Thursday, January 17, 2008

Do we really need more roads?

Contractors love roadbuilding contracts. Automakers like more roads. Real estate people want roads that raise the value of their raw land.
A twelve member federal panel issued a Surface Transportation report the other day. It called for jacking up the federal gas tax to pay for $225 billion a year in "infrastructure investment". Most amazing fact is that one quarter of the panel, including US Transportation Secretary Mary Peters refused to sign the report. Doubtless she fears the money would go for more bridges to now where. The vice chairman of the committee went on C-Span defending the majority spend-a-lot report. Turns out he is a lawyer. What does a lawyer know about surface transportation? Another member is a state transportation secretary. Where are the truckers, the civil engineers, the railroaders, the shippers, the bus operators and AAA on this committee?

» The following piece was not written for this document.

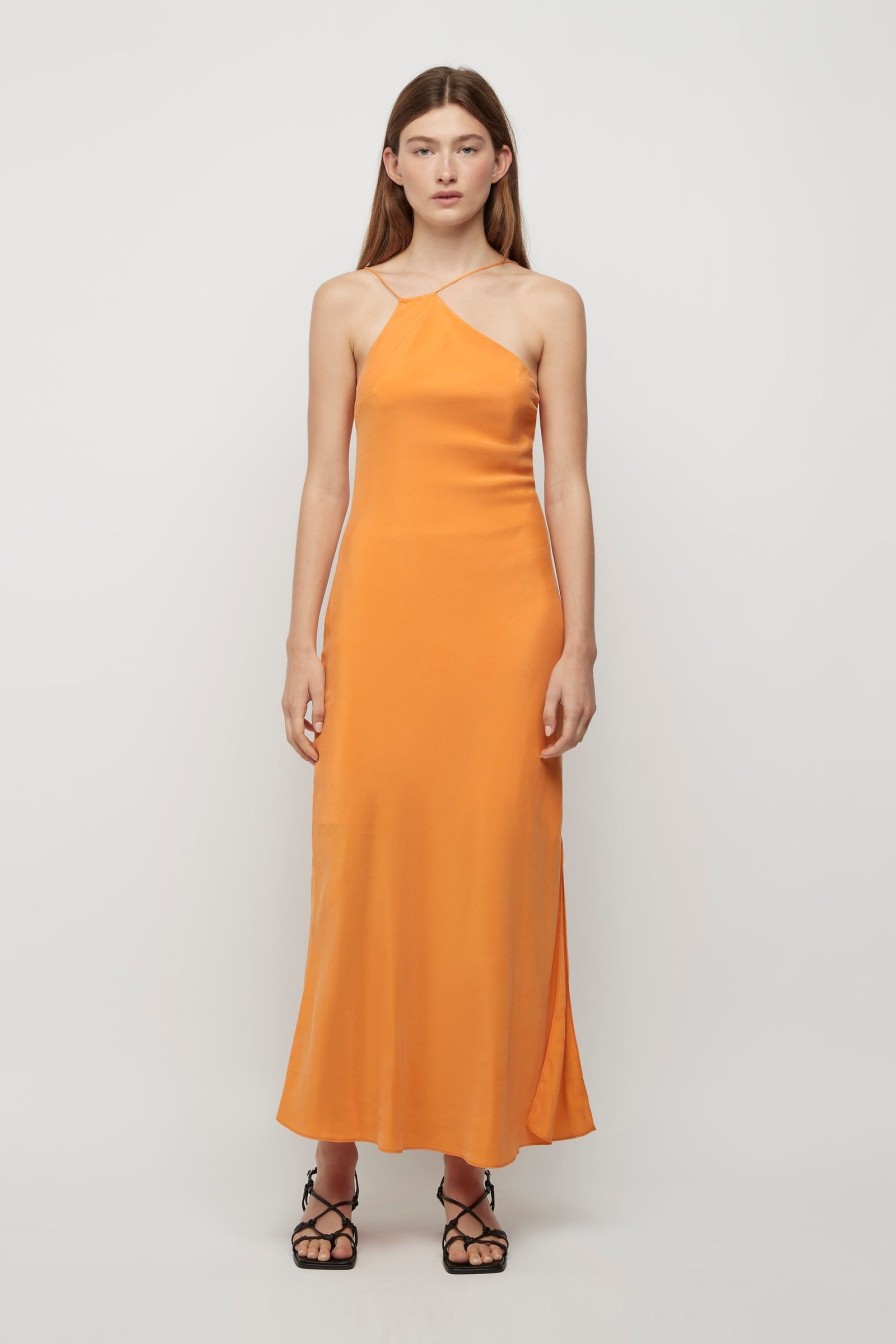 Women Friend of Audrey | Sabine Cupro Tie Dress Tangerine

And, with $4 a gallon staring us in the face, do we really think traffic is going to increase that much in the future? Especially as we already have interstate highways running the length and breadth of the land. No where in the US is far from an interstate. Do we want to double them up to carry more traffic? I don't think so.
Fuel costs are going to press the truckers into more piggyback (trailers hauled cross country on railroad flatcars) operations. That will keep the freight moving.
Traffic expands to fill road available. Build more roads, speeding up peoples commute, and they will take jobs further from home. It is impossible to build enough road to prevent rush hour traffic jams.